私たちの身の回りにはもはやスマホやキーボードがなければ文章が書けないという人が少なからずいる。紙に書くという行為が億劫だからという理由以前に、考えたことを順序だてて文字にしていくことが難しくなっているのだ。デジタルであればテンプレートがあるし、語彙レベルでは予測変換もする。また人工知能を使えば文章すら組み立ててくれる。マイクロソフトは「下書き」を手伝うという設定にしているらしいが、実際にはほぼ完成形の文書とみてそのまま使う人も増えているのではないか。そうなるとますます文章が書けなくなっていく。
ならばどうしてもデジタル入力をせざるを得なくなる大学生になる前に、初等中等教育では徹底的に手書き文章を作成する訓練を積むべきである。これが冒頭に述べたことである。インターネットで資料を検索したり、図表を作成したりすることは機械任せにしなければならないこともあるだろう。しかし、文書作成能力に関しては譲ってはならない人間の能力である。

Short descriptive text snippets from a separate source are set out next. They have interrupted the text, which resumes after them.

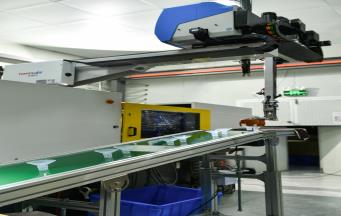 注塑成型,為什么包膠ABS的TPE容易斷澆口和起皮？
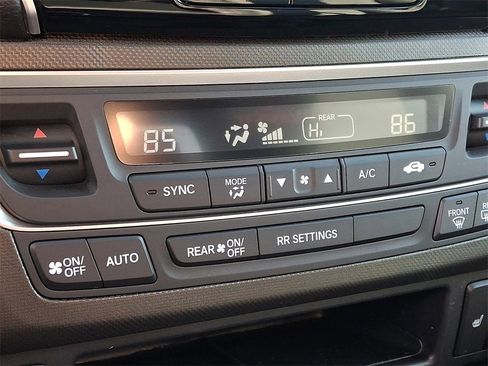 Used 2025 Honda Ridgeline TrailSport image 16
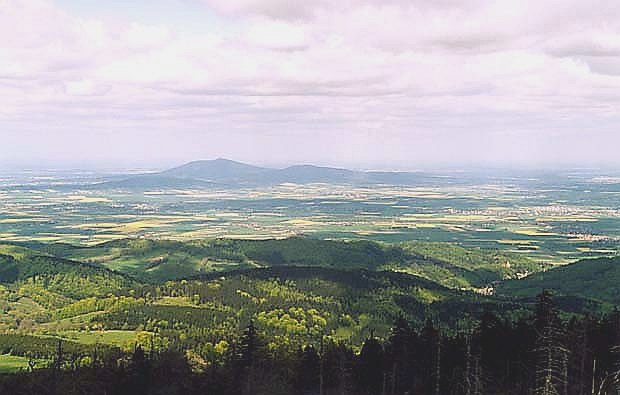 Widok z Wielkiej Sowy ku pn. na masyw ly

そこで問題になるのが、教員側のこの教育に対する対応である。生徒から大量に提出される紙の答案にいちいちコメントを書き入れ、改善点を指摘していくのにはかなりの労力が要る。例えばそれを学期に一度やるとか、月一度は実施するといった程度でも負担感は大きい。そこで外注するという方法が出てくる。でもこれでは返却までに時間がかかることや、家庭にさらなる出費を要求することになり問題点が大きい。

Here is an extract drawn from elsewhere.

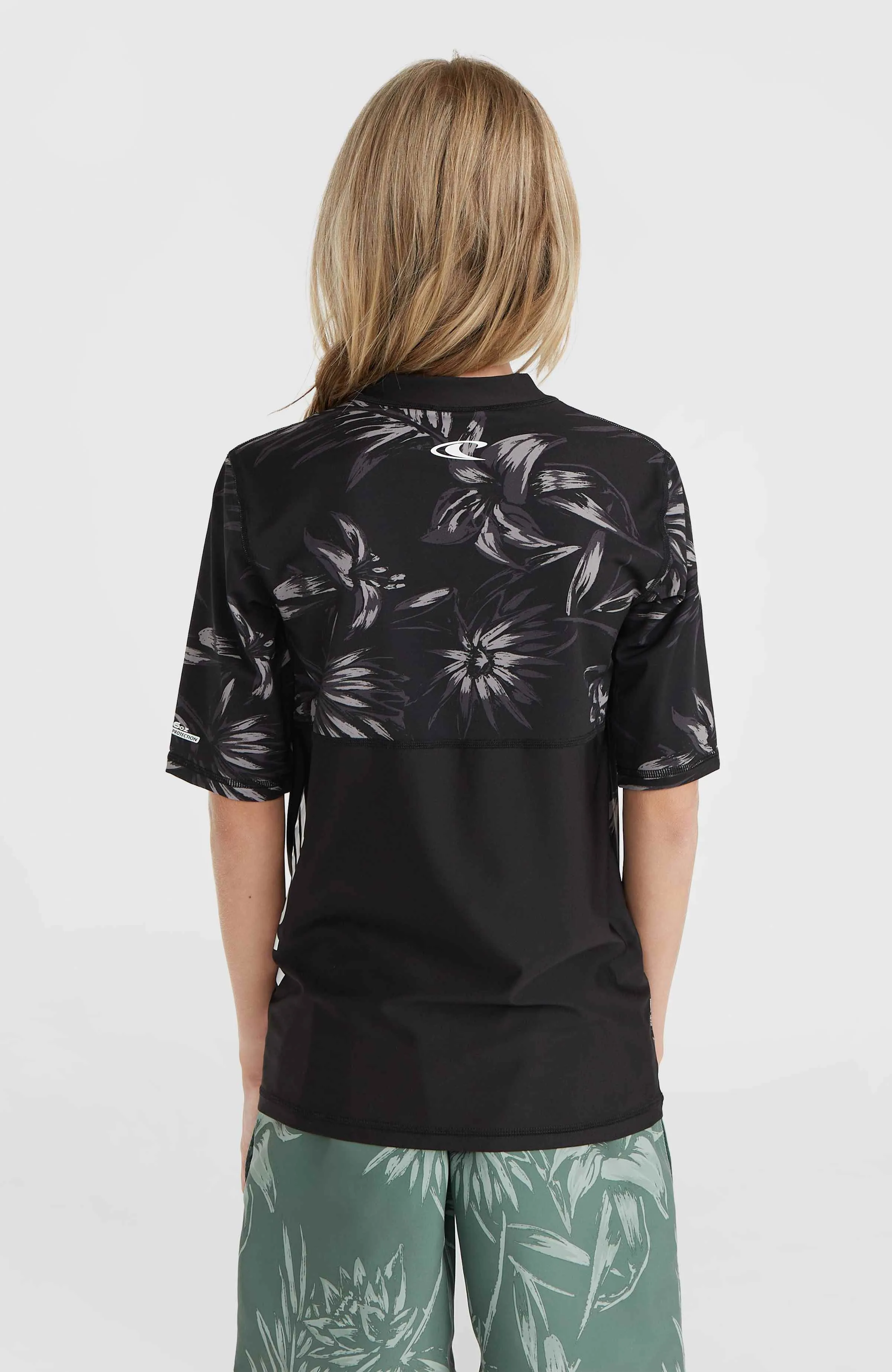 Mix and Match Crazy Short Sleeve Skin | Black Tonal Tropican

解決案として考えているのは教員側の方はデジタル化で対応するということだ。答案をスキャンし、その上にデジタルで書き込む。コメントはある程度使いまわしも許容し、観点を決めて評価する。そして、それ以外は見ないことにする。例えば、今回は主述の一致をみると決めたら、それ以外の内容的な面は多少目をつぶって採点する。逆に、表現面の工夫については問わずに着眼点だけを採点するといったようにメリハリをつけるというやり方だ。もちろん表現と内容は相関するので結局両方を評価することになるだろう。
また例えば400字以上の作文の添削を継続的に行うのは無理だとすれば、200字以下の文章を書かせる課題を続けることも手である。目的は文章で答えることを習慣化させることなのだから、添削の正確さは実は二の次なのである。大切なのは練習を続ければ文章作成がうまくなっていくことを実感させることで、単なる点数化ではない。
生徒にはあくまで手書きで書かせ、教員はデジタルの利便性を使う。この方法を実現するためにはスキャナーや、タッチペンで入力できるシステムなどが必要だが、生徒の国語力向上を考えればやるべき投資ではないだろうか。生徒が端末を持っているならば、教員の添削結果をデジタルで返却するのでもいい。できれば紙に出力した方がいいが。
ちなみに私も手書きの文章能力の衰えを実感するものとして、ブログを書く前にノートに書きたいことを殴り書きすることがある。この記事もその末に書いたものだが、原型とは全く違う内容になっている。でも、自分の脳と手だけで書くことを先行することには意味があると確信する。